Our man in plight is Brian Gilcrest (Bradley Cooper), who once believed in skies that promised a golden future. Slashed budgets force NASA to get in bed with billionaires, and the air force pilot hands in his wings to go to work as a defense contractor for the biggest billionaire of all, Carson Welch (Bill Murray). Gilcrest somehow misjudges one assignment and winds up wounded with almost two dozen broken bones and a limp as a souvenir. He's given a second chance by Welch, who wants him to finesse a local Hawaiian leader into blessing a pedestrian gate that is pivotal to Welch's realising his privatised space program.

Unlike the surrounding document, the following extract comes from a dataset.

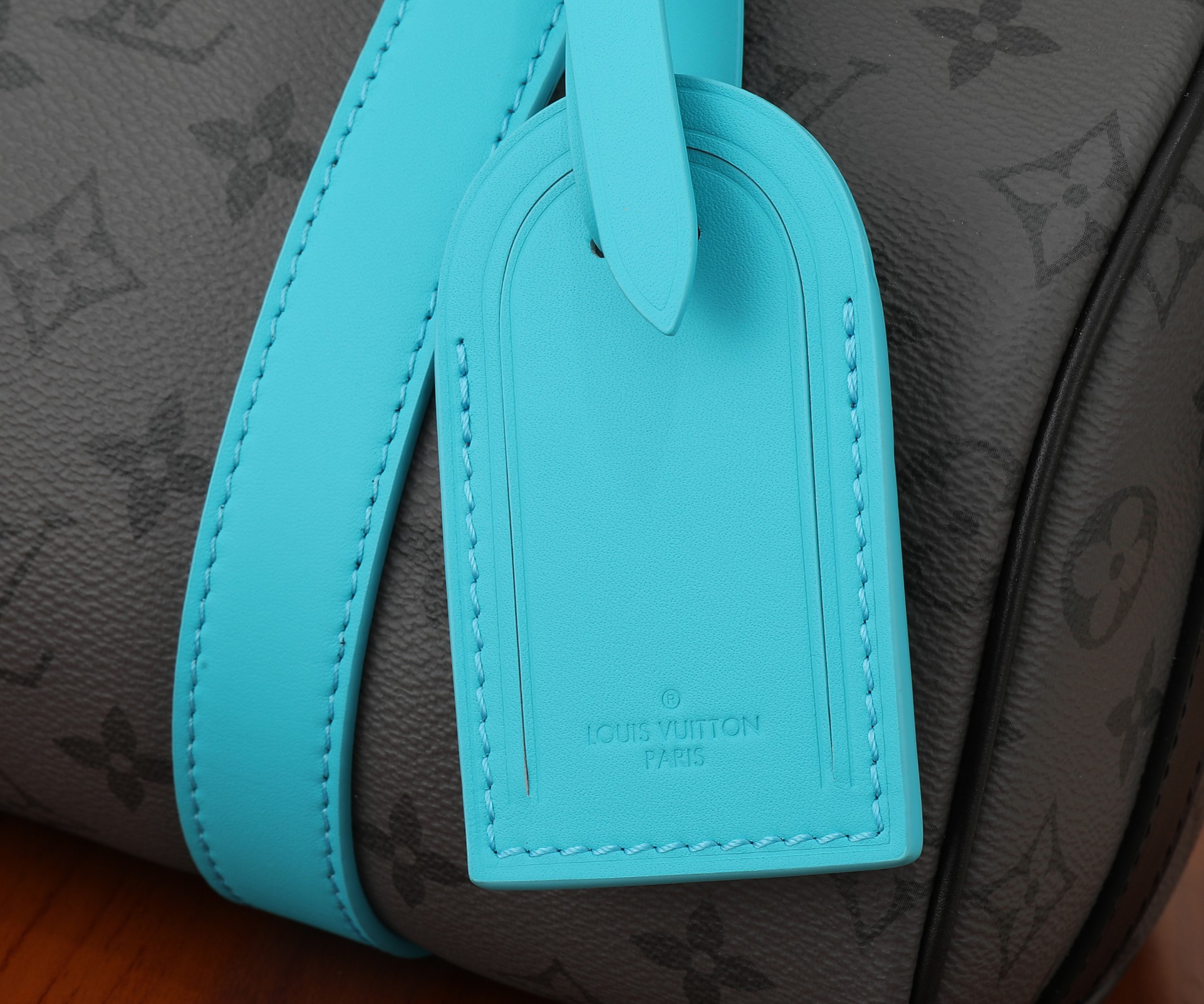 Louis Vuitton Keepall Bandouliere 25 Monogram Eclipse Reverse Travel Bag - Image 6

The local leader is played by Dennis "Bumpy" Kanahele, the independence movement leader and descendant of the country's King Kamehameha. Wearing a T-shirt that reads "Hawaiian by Birth, American by Force," he's there to remind viewers and Gilcrest of the mainlander imperialism at play. There's been a significant deal of pre-release criticism leveled against Crowe for his depiction of a homogenised Hawaii and for the casting of Emma Stone as Captain Allison Ng, who every so often shares that she is a quarter Hawaiian. To be fair, Aloha is not as culturally insensitive as one would be led to believe. Remember that this is a film set on a U.S. military base, so it would only be reasonable that hardly nary a native would be seen in that setting.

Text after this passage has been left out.